CHARMING PYTHON #13 (20000155)
Functional Programming in Python

David Mertz, Ph.D.
Applied Metaphysician, Gnosis Software, Inc.
January, 2001

    Although users usually think of Python has a procedural and
    object oriented language, it actually contains everything one
    needs for a completely functional approach to programming.
    This article discusses general concepts of functional
    programming, and illustrates ways of implementing functional
    techniques in Python.


WHAT IS PYTHON?
------------------------------------------------------------------------

  Python is a freely available, very-high-level, interpreted
  language developed by Guido van Rossum.  It combines a clear
  syntax with powerful (but optional) object-oriented semantics.
  Python is available for almost every computer platform you
  might find yourself working on, and has strong portability
  between platforms.


WHAT IS FUNCTIONAL PROGRAMMING?
------------------------------------------------------------------------

  We better start with the hardest question:  "What is functional
  programming (FP), anyway?"  One approach would be to say that
  FP is what you do when you program in languages like Lisp,
  Scheme, Haskell, ML, OCAML, Clean, Mercury or Erlang (or a few
  others).  That is a safe answer, but not one that clarifies
  very much.  Unfortunately, it is hard to get a consistent
  opinion on just what FP is, even from functional programmers
  themselves.  A story about elephants and blind men seems
  apropos here.  It is also safe to contrast FP with "imperative
  programming" (what one does in languages like C, Pascal, C++,
  Java, Perl, Awk, TCL, and most others, at least for the most
  part).

  While the author by all means welcomes the advice of those who
  know better, he would roughly characterize functional
  programming as having at least several of the following
  characteristics.  Languages that get called functional make
  these things easy, and other things either hard or disallowed:

    * Functions are first class (objects).  That is, everything
      you can do with "data" can be done with functions
      themselves (such as passing a function to another
      function).

    * Use of recursion as a primary control structure.  In some
      languages, no other "loop" construct exists other than
      recursion.

    * Focus on LISt Processing (e.g. the name 'Lisp').  Lists are
      often used with recursion on sub-lists as a substitute for
      loops.

    * "Pure" functional languages eschew side-effects.  This
      excludes the almost ubiquitous pattern in imperative
      languages of assigning first one, then another value, to
      the same variable to track program state.

    * FP either discourages or outright disallows -statements-,
      and instead works with the evaluation of expressions (i.e.
      functions plus arguments).  In the pure case, one program
      is one expression (plus supporting definitions).

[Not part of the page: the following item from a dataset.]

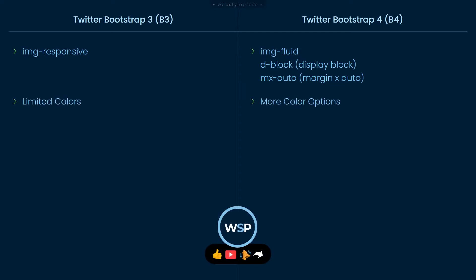Limited colors are available in Bootstrap 3. In Bootstrap 4, more color options are available for text, background, and components. You can also modify or extend relevant classes easily in Bootstrap 4.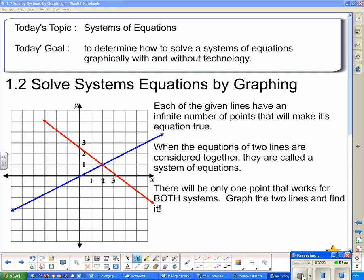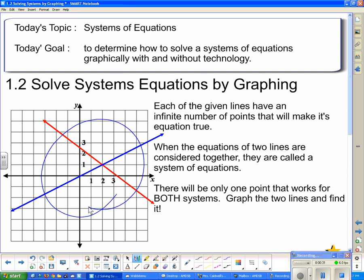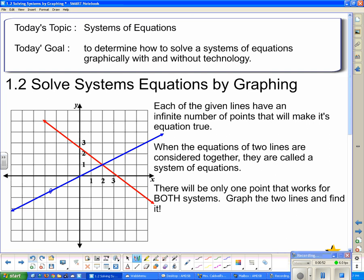Each of the given lines on this graph have an infinite number of points that make their equations true. When the equations of two lines are considered together, they're called a system. This red line and the blue line together make up a system, and there is one and only one point that will work on both. If I pick this point, it's on the blue line but not on the red line, so it won't make both equations true. There's only one point that makes both equations true, and that is where the two lines intersect.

    * FP worries about -what- is to be computed rather than -how-
      it is to be computed.

    * Much FP utilizes "higher order" functions (i.e. functions
      that operate on functions that operate on functions).

  Advocates of functional programming argue that all these
  characteristic make for more rapidly developed, shorter, and
  less bug-prone code.  Moreover, high theorists of computer
  science, logic, and math find it a lot easier to prove formal
  properties of functional languages and programs than of
  imperative languages and programs.


INHERENT PYTHON FUNCTIONAL CAPABILITIES
------------------------------------------------------------------------

  Python has had most of the characteristics of FP listed above
  since Python 1.0.  But as with most Python features, they have
  been present in a very mixed language.  Much as with Python's
  OOP features, you can use what you want and ignore the rest
  (until you need it later).  With Python 2.0, a -very- nice bit
  of "syntactic sugar" was added with -list comprehensions-.
  While list comprehensions add no entirely new capability, they
  make a lot of the old capabilities look -a lot- nicer.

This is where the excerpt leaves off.